> **Assigned task**
Once you find the line with "Snapshot of rakhi_143", transcribe it and all the lines that follow to the end of the data, exactly as written; skip any pictures.

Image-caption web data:
┌──
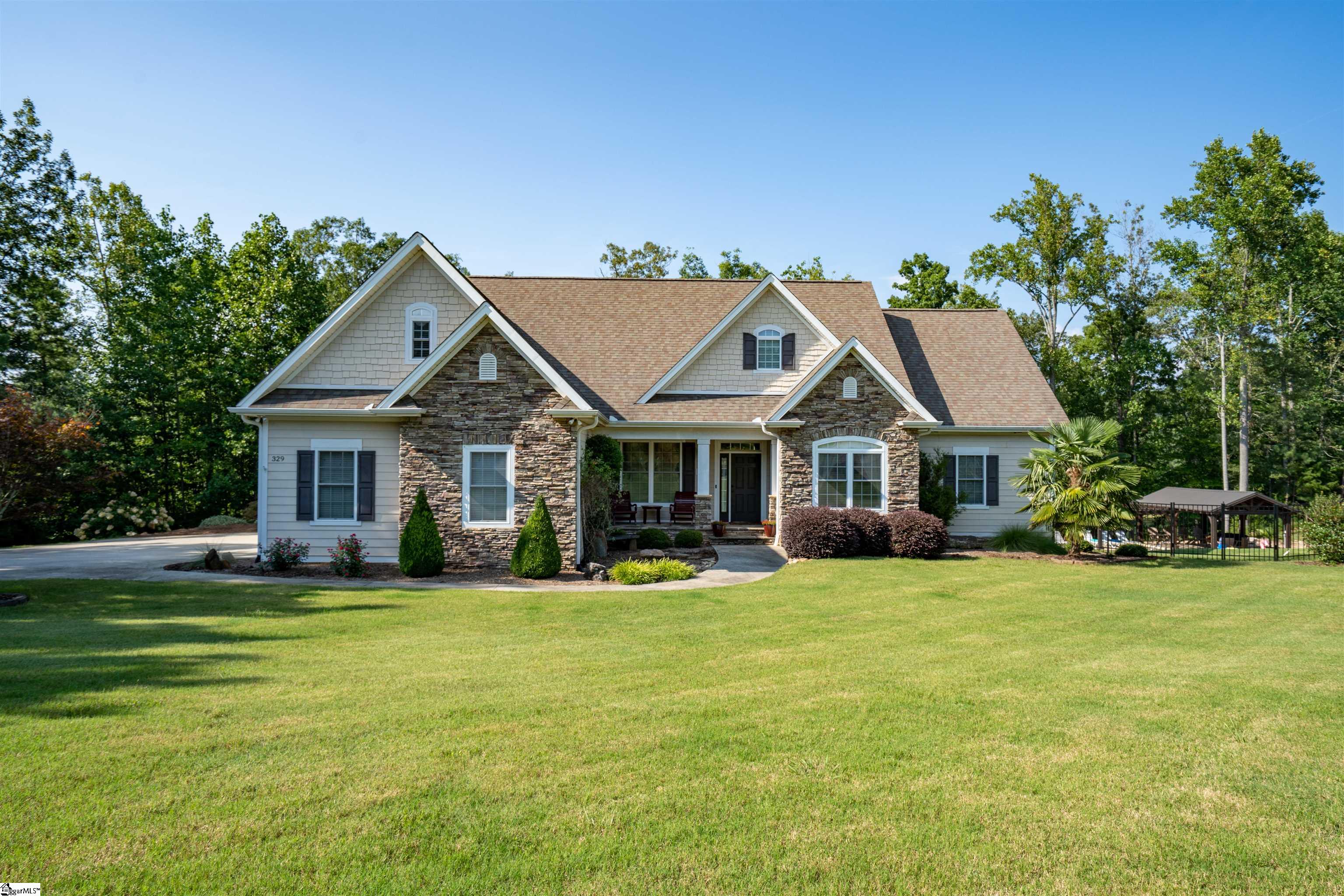 329 Stardust Lane Seneca, SC 29672 - Photo 3 of 36 Gallery Image 3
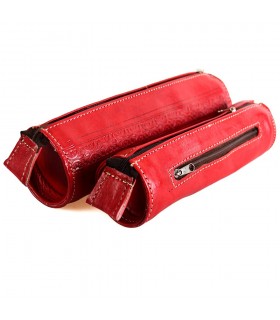 Game 2 leather cases - great quality - fine finishing - 2 measures - model there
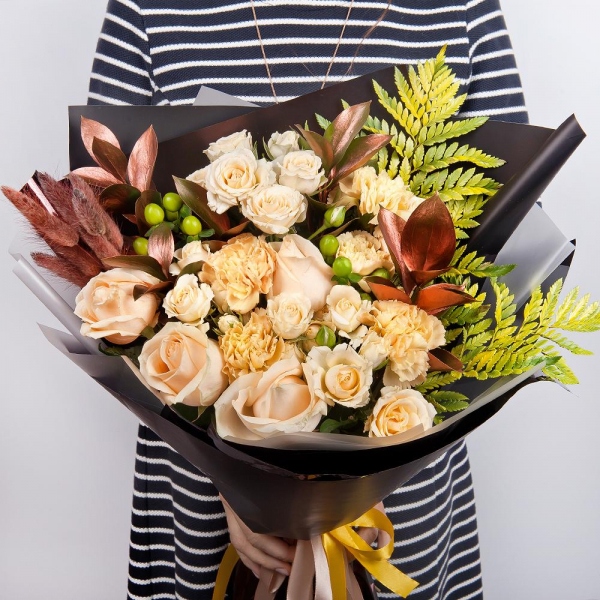 Rose Cream 50 cm - 5, Spray rose: white, cream, light pink 50 cm - 3, Carnation white, cream - 5, Hypericum, Fern (1 pc.), Ruscus, Dried flowers decor, Wrapping Paper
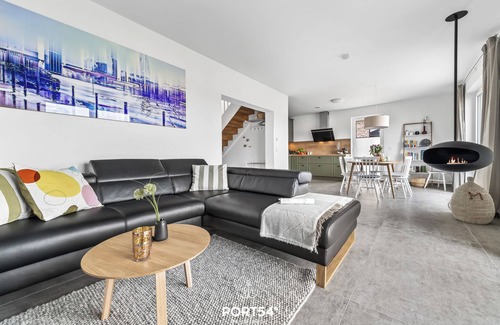 Busum House | Your home by the sea - luxurious, sauna, bioethanol stove, parking lot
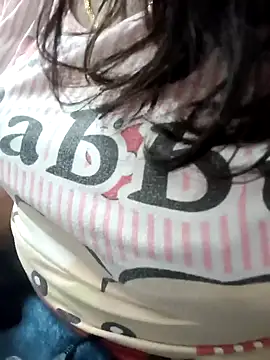 Snapshot of rakhi_143 chatting on 12-21-24, 05:29 rakhi 143 online show from 12-21-24, 05:29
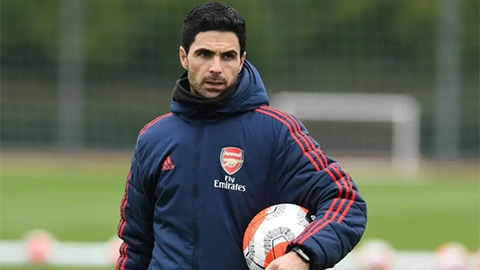 Arteta yêu cầu BLĐ Arsenal bổ sung thêm 2 tân binh Arteta yêu cầu BLĐ Arsenal bổ sung thêm 2 tân binh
└──
> **Result of this exercise**
 Snapshot of rakhi_143 chatting on 12-21-24, 05:29 rakhi 143 online show from 12-21-24, 05:29
 Arteta yêu cầu BLĐ Arsenal bổ sung thêm 2 tân binh Arteta yêu cầu BLĐ Arsenal bổ sung thêm 2 tân binh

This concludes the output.